→ WORK ITEM
The expected output is every line of the data exactly as shown, minus the images.

→ INFORMATION SHOWN
* * *

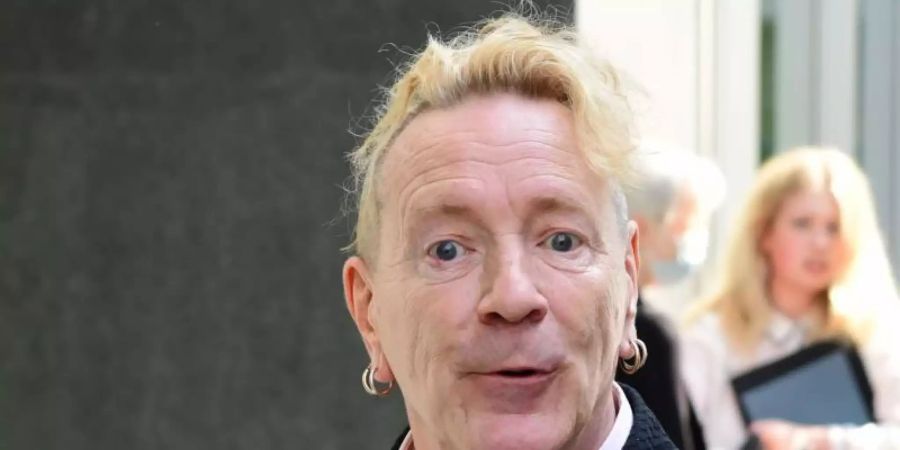 Frontmann John Lydon alias Johnny Rotten vor dem Gerichtsgebäude in London. Foto: Ian West/PA Wire/dpa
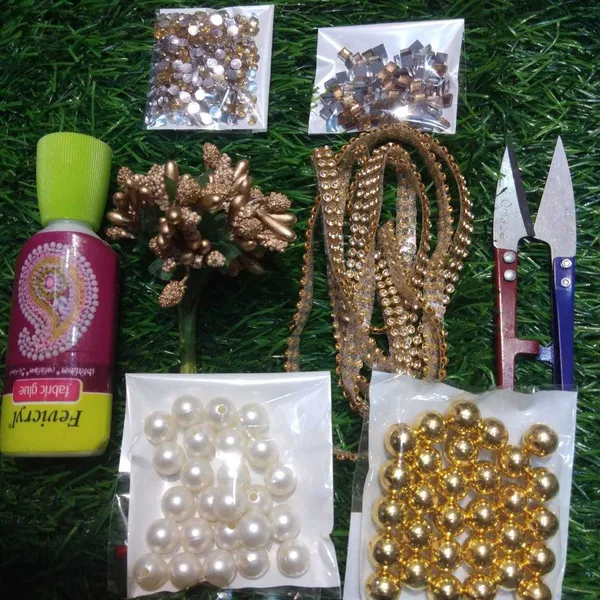 Gold_Nylon_Stylish_Edging_Lace_For_Saree,_Suit,_Lehenga,_Blouse,_Art_&_Craft_(1_Mtr)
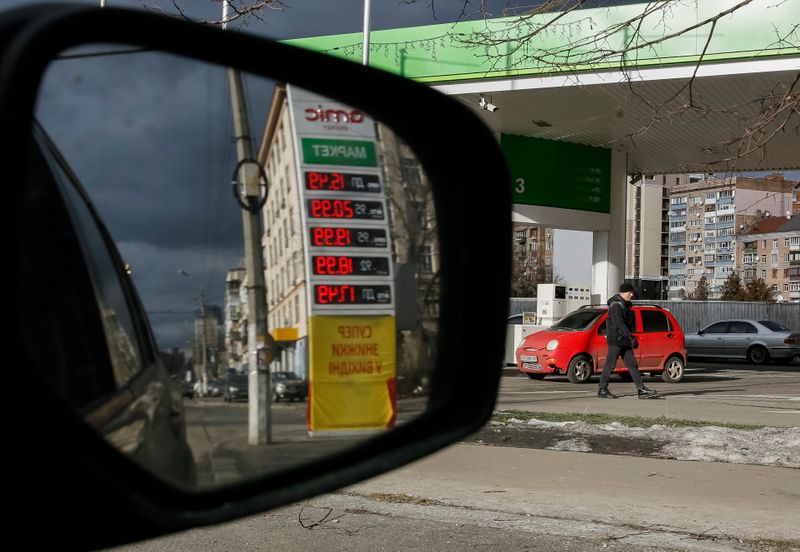 &copy; Reuters. A man walks past "Amic" fuel stations displaying prices of 0.77 USD and 0.81 USD per litre of basic unleaded petrol during falling global oil price in Kiev, Ukraine, February 5, 2016. REUTERS/Gleb Garanich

* * *

→ RESPONSE TO THE EXERCISE
 Frontmann John Lydon alias Johnny Rotten vor dem Gerichtsgebäude in London. Foto: Ian West/PA Wire/dpa
 Gold_Nylon_Stylish_Edging_Lace_For_Saree,_Suit,_Lehenga,_Blouse,_Art_&_Craft_(1_Mtr)
 &copy; Reuters. A man walks past "Amic" fuel stations displaying prices of 0.77 USD and 0.81 USD per litre of basic unleaded petrol during falling global oil price in Kiev, Ukraine, February 5, 2016. REUTERS/Gleb Garanich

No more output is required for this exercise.